• Prompt
Before returning the data, strip out the pictures and keep everything else exactly the same.
##### Given data
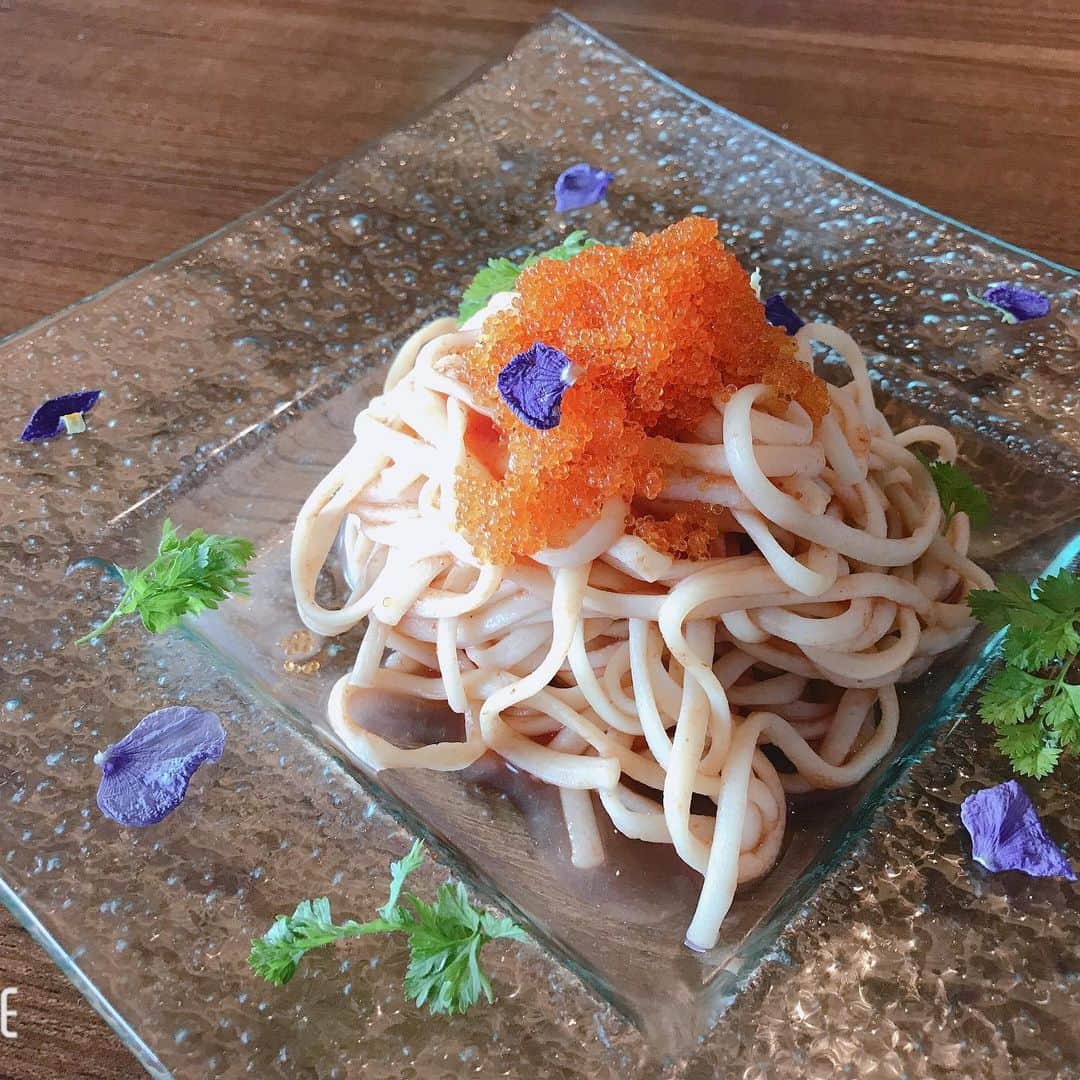 のインスタグラム：「夏コースパスタの「生姜とトマトのとびっこ乗せ冷製パスタ」です！(^-^) 生姜香るトマトパスタを夏らしく冷製で仕上げました！ #大阪#梅田#阪急グランドビル#夜景#景色#シーフード#トラットリア#Sdining#洋食#海鮮#ワイン#絶景#カップル#夏#コース#パスタ#冷製#生姜#トマト#美味しい」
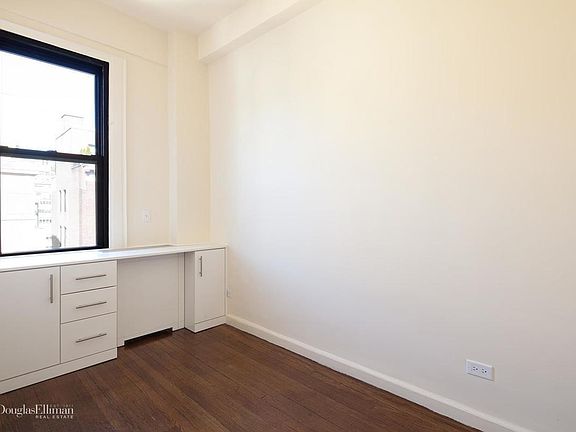 5th image of 145 E 74th St APT 5A
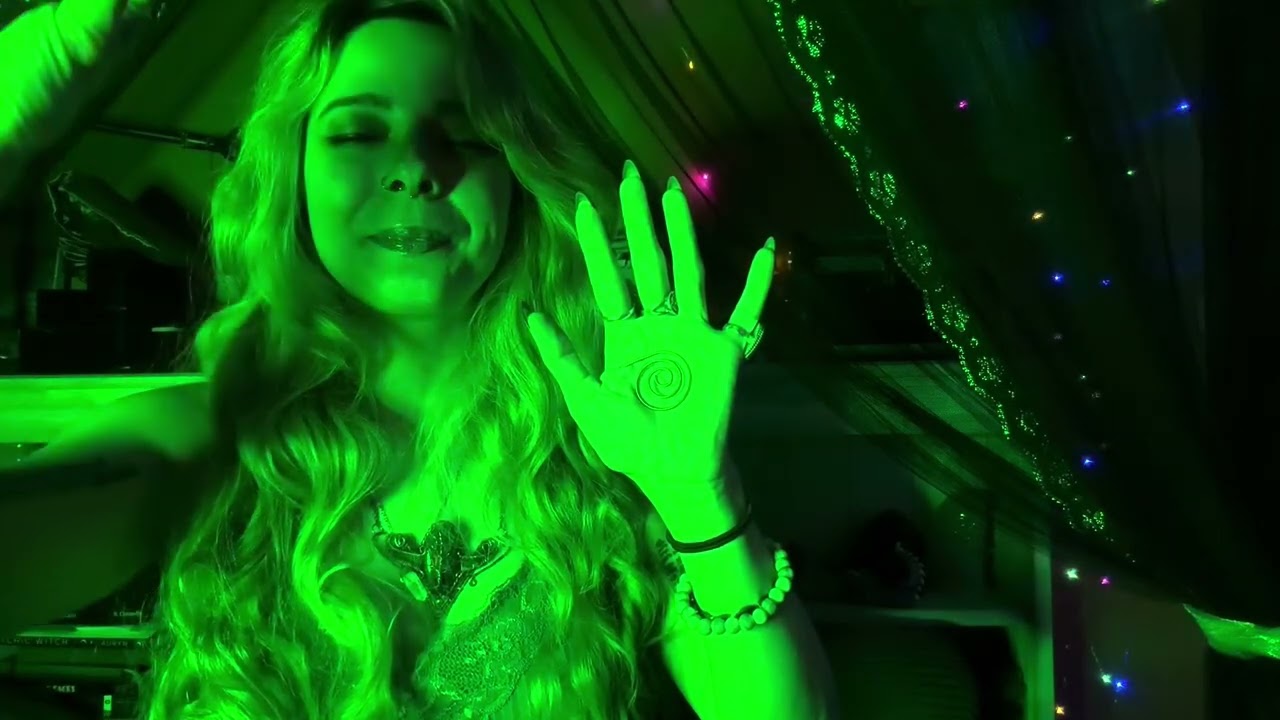 Activate the Pineal Gland & Clear Emotional Baggage through Kundalini Energy 💕 #handmovements #asmr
##########
• Solution below
 のインスタグラム：「夏コースパスタの「生姜とトマトのとびっこ乗せ冷製パスタ」です！(^-^) 生姜香るトマトパスタを夏らしく冷製で仕上げました！ #大阪#梅田#阪急グランドビル#夜景#景色#シーフード#トラットリア#Sdining#洋食#海鮮#ワイン#絶景#カップル#夏#コース#パスタ#冷製#生姜#トマト#美味しい」
 5th image of 145 E 74th St APT 5A
 Activate the Pineal Gland & Clear Emotional Baggage through Kundalini Energy 💕 #handmovements #asmr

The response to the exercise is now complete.